Around 80 registered voters showed up to last Saturday’s 4 hour Deliberative session, around 25 fewer than last year. Note this is .47% of Keene’s 17,000 registered voters. As usual, the bulk of the room was made up of school board members, school administrators and teachers.
Once again, local lawyer and resident busybody Ted Parent was there ready to gut my petitioned warrant articles with his own prepared amendments. I plead with the voters in the room to leave the articles untouched in their original wording and allow the voters in March to decide on them. Each amendment would require a secret vote that would take 15-20 minutes to administer. From the reaction in the room, I was led to believe that the majority were in favor of this motion. However, Parent wasn’t having any part of it.
My first Warrant to enact a budget cap of .5% was amended to 10%. 65 in favor, 25 against. Two more attempts were made to amend it to 2% and then 4.9%. Both failed.
My second article to reduce student tuition by $500 per student until tuition matched the state average was amended to “Form a committee to study whether the district should make the reductions.” Surprisingly, this only lost by 1 vote: 41 in favor, 40 against.
Parent then made an attempt to amend my “Cease participation in the Common Core program” article by instead forming a committee to study the concept. This motion failed 60 to 21. School board member Susan Hay made her own motion to amend the article to read “Shall the school district continue to be aligned with and compliant with the state education standards.” This passed 66 to 10. It will be interesting to see how the voters react to this one in March.
Parent also made an absurd attempt to amend my fourth article “to form a committee to study the feasibility of withdrawal from the bloated SAU29” to “form a committee to form a committee.” It failed 56 to 19.
In the end, one warrant survived. Three were amended—one of which I can live with and one that only lost by a hair. Comparing those results and voter turnout to previous years, I can definitely say that there is change in the winds. Stay tuned for the ballot results in March.
After almost four years of railing against the wasteful spending going on here in the city of Keene, you might be under the assumption that this place is a lost cause and subsequently choose to settle elsewhere. Don’t. Keene is a great place with a lot of good people and a lot of potential. The truth is this sort of nonsense is going on across the country and in a lot of places it is much worse. The key difference here is the strong liberty community that has chosen to keep tabs on the powers that be and hold them accountable for their misguided decisions. We’ve cleared our eyes of the veil of apathy to see the truth for what it is.
To the wise old city bureaucrats and school officials: this may be your legacy, but it’s my inheritance. I WILL NOT stand by and watch while you squander it. You may get your way this year, but I’m not going to make it easy for you.

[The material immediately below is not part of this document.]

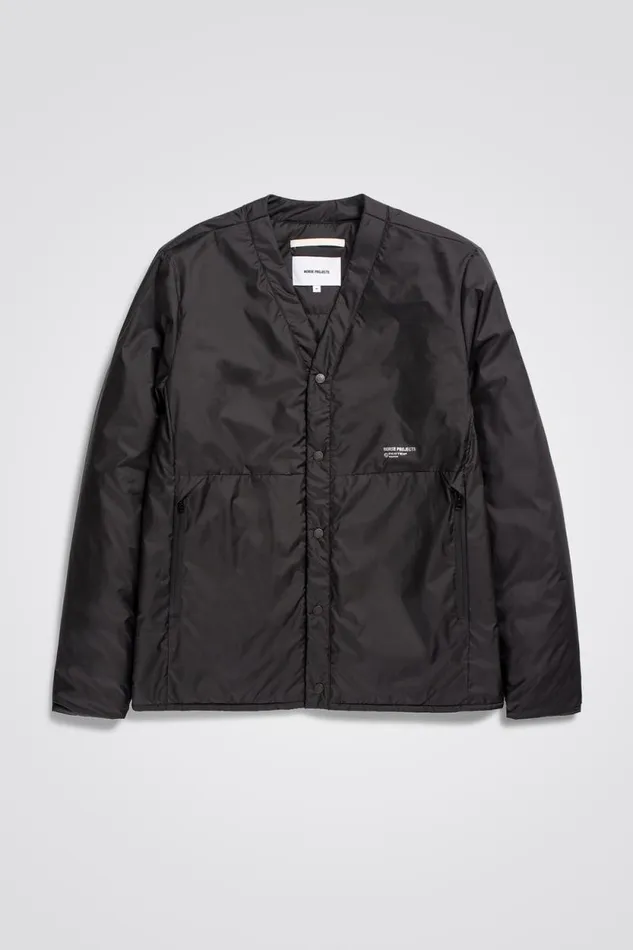 Men Otto Light Pertex Black Norse Projects Outerwear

As some of you may well be aware, the Keene School District plans to cut 36.7 full-time positions, close an elementary school, and has projected a loss in enrollment of around 80 students. And yet, as you probably already expected, the budget will still be going up.

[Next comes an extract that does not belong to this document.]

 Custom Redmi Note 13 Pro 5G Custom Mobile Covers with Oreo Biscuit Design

The school district has presented us with a proposed operating budget of $64.98 million, an increase of $181,394 from the previous year. Should that article fail, the default budget of $65.66 million will kick in. So, lose/lose. But here’s the real kicker: Due to less incoming revenue in the form of state tuition and previous-year surplus, the actual impact on the Keene taxpayer will be an additional $1.7 million increase. This will amount to a 5.31 percent increase on the school portion of your property tax.
These yearly increases in both school and city spending are unacceptable and ultimately unsustainable. If the school district were a private business it would have gone belly-up years ago due to its mismanagement of funds. But unlike the private sector, the public school system doesn’t need to sell you a good product to stay in business. They’ll get your money regardless of the quality and affordability of service they provide us. Or else they’ll take your house.
In an attempt to reign in this out-of-control spending, I have introduced three warrant articles that will help school board members and administrators with their future budget preparation. They include a budget cap of .5 percent, a reduction of $500 per student per year until the student tuition matches the state average, and the formation of a committee to study the feasibility of withdrawal from SAU 29. I’ve also included a fourth article to cease participation in the one-size-fits-all common core program. Sadly, all four warrants will undoubtedly be amended in such a way as to remove their original intent at the deliberative session this Saturday.
If there is one thing the school and its supporters excel at, it is removing any alternative options from the ballot.
For the past four years now I have challenged the local school district here in Keene to reign in their out-of-control spending with no real success. Mind you, this is a huge, $65 million dollar a year welfare machine that many of the residents of Keene have grown completely dependent upon; sadly, a conundrum shared widely throughout the country.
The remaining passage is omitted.